Automate data aggregation and scoring to streamline the appsec fix prioritization process, making it actionable.
Focus on addressing genuinely exploitable vulnerabilities first to reduce organizational risk and improve remediation efficiency effectively.
The Problem: Drowning in Alerts, Missing the Real Threats
AppSec teams frequently struggle with an ever-growing list of reported vulnerabilities. Static Application Security Testing (SAST), Dynamic Application Security Testing (DAST), and Software Composition Analysis (SCA) tools generate hundreds, if not thousands, of findings. When prioritization hinges primarily on a vulnerability’s CVSS Base Score, engineering teams commonly report dedicating 30–40% of their remediation efforts to issues that are never actively exploited in the wild, diverting critical resources from truly impactful threats.
Consider a production service that handles sensitive customer data. A new high-severity vulnerability (CVSS 8.5) is reported by your DAST scanner. Without further context, this goes straight to the top of the remediation queue. However, if this vulnerability requires complex pre-authentication steps or relies on an obscure library not actively exploited, its real-world risk might be lower than a medium-severity (CVSS 6.0) bug that has known public exploits and is easily triggerable. The problem isn't the volume of vulnerabilities; it's the lack of an accurate, dynamic signal to differentiate actual threats from theoretical ones. This misallocation of effort leads to slower patch cycles for critical vulnerabilities, increased security debt, and a false sense of security.
How It Works
Effective prioritization moves beyond theoretical severity by integrating data on actual exploitability.
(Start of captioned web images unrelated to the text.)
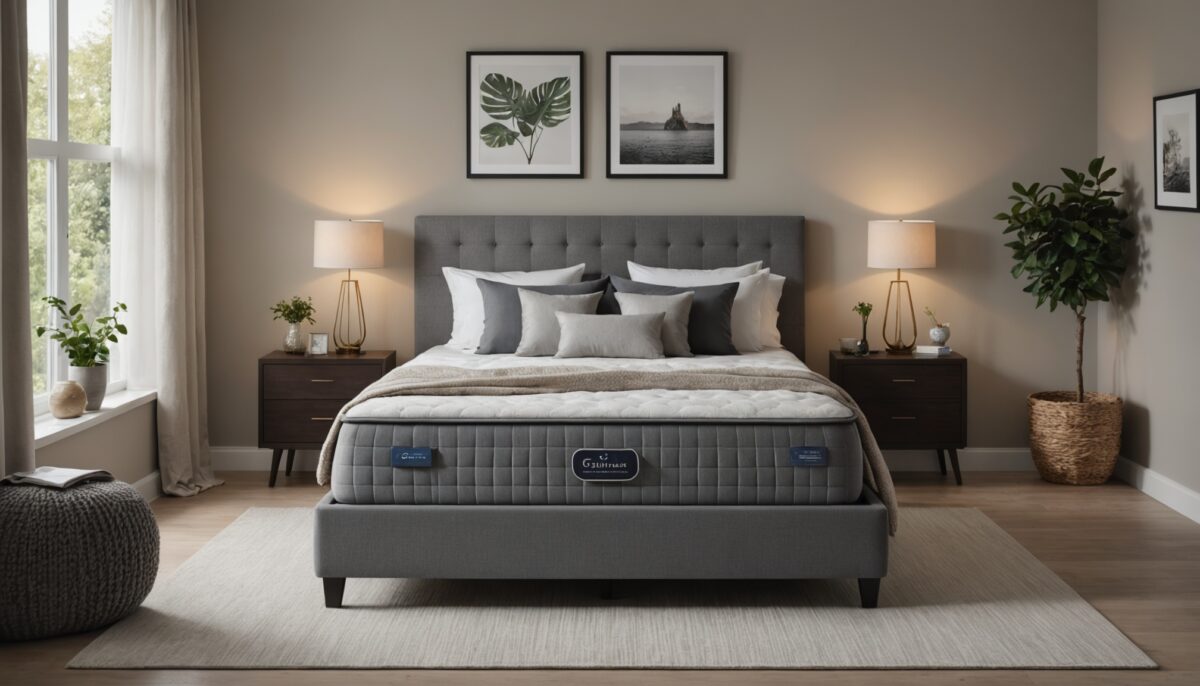 Ensemble Matelas & Sommier 160x200 : La Clé pour des Nuits Idéales en 2025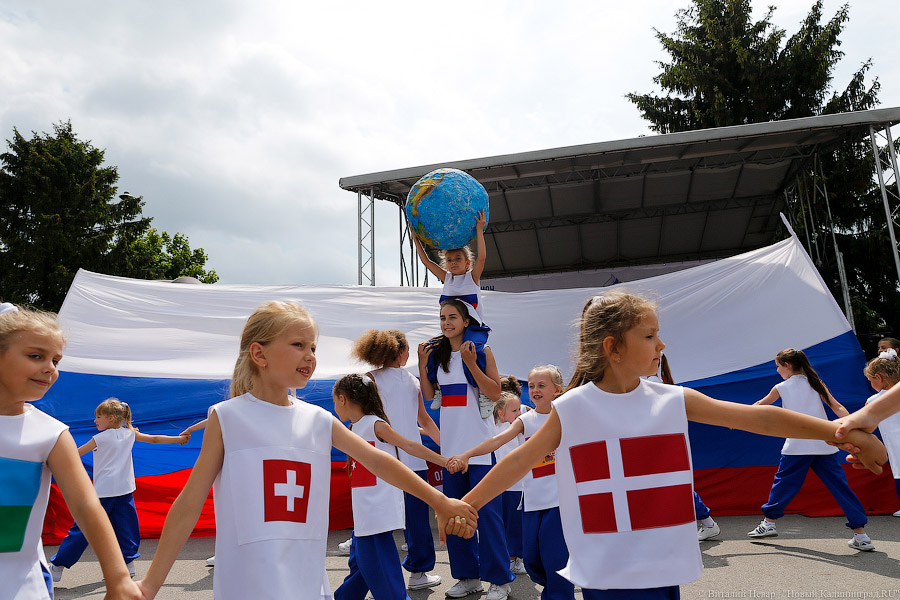 «Олимпийские надежды»: как в Калининграде загадывали на Пхенчхан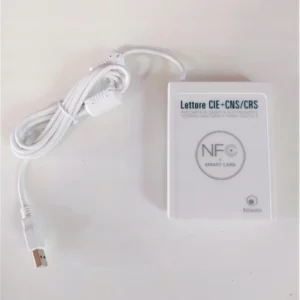 CZYTNIK NFC ATLANTIS COMBO T15A20 2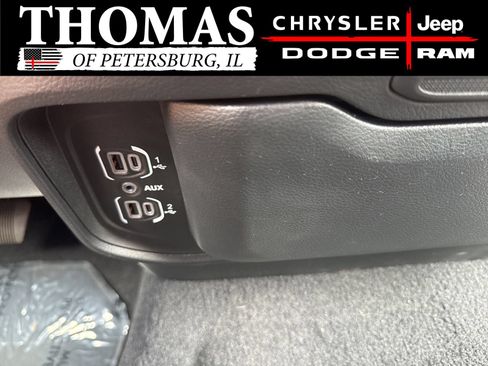 Used 2025 RAM 1500 Big Horn AWD/4WD image 19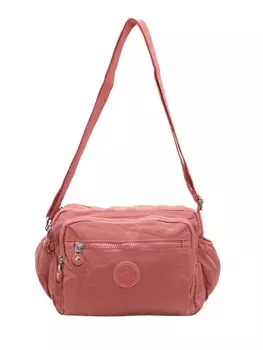 Наплечная сумка Mindesa, розовый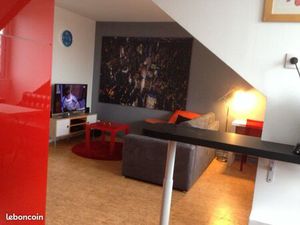 À louer T2 proche de la centrale nucléaire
This means understanding not just if a vulnerability could be exploited, but how likely it is to be exploited and whether it has been exploited in the wild.
Beyond CVSS: The Power of Exploitability Intelligence
CVSS provides a standardized way to rate vulnerability characteristics, but it's largely static and doesn't account for the evolving threat landscape. To gain a complete picture, we integrate dynamic exploitability intelligence:
Exploit Prediction Scoring System (EPSS): This open, data-driven framework provides a probability score (0-1) that a vulnerability will be exploited in the wild within the next 30 days. EPSS leverages machine learning models trained on CVE data, exploit activity, and vulnerability information. An EPSS score of 0.95 means there's a 95% chance of exploitation. This dynamic score is significantly more useful than a static CVSS for predicting real-world risk. According to FIRST (link: https://www.first.org/epss/model), EPSS prioritizes vulnerabilities that are highly likely to be exploited, cutting down noise.
CISA Known Exploited Vulnerabilities (KEV) Catalog: Maintained by the U.S. Cybersecurity and Infrastructure Security Agency, the KEV catalog lists vulnerabilities that have been confirmed to be actively exploited in the wild. If a CVE appears in the KEV catalog (link: https://www.cisa.gov/known-exploited-vulnerabilities-catalog), it moves from theoretical risk to a proven, immediate threat. This catalog provides critical, non-negotiable signals for prioritization.
Commercial Threat Intelligence Feeds: Various vendors offer subscription-based threat intelligence that includes details on exploit availability, attack campaigns, and dark web activity. While often costly, these feeds can provide deep, proprietary insights that complement public sources.
The interaction between these sources is crucial: CVSS provides a baseline, EPSS layers a predictive probability, and the CISA KEV catalog confirms active exploitation. A vulnerability with a high CVSS might have a low EPSS if no active exploits exist. Conversely, a medium CVSS bug in the KEV catalog demands immediate attention, regardless of its EPSS score, because it's already being exploited.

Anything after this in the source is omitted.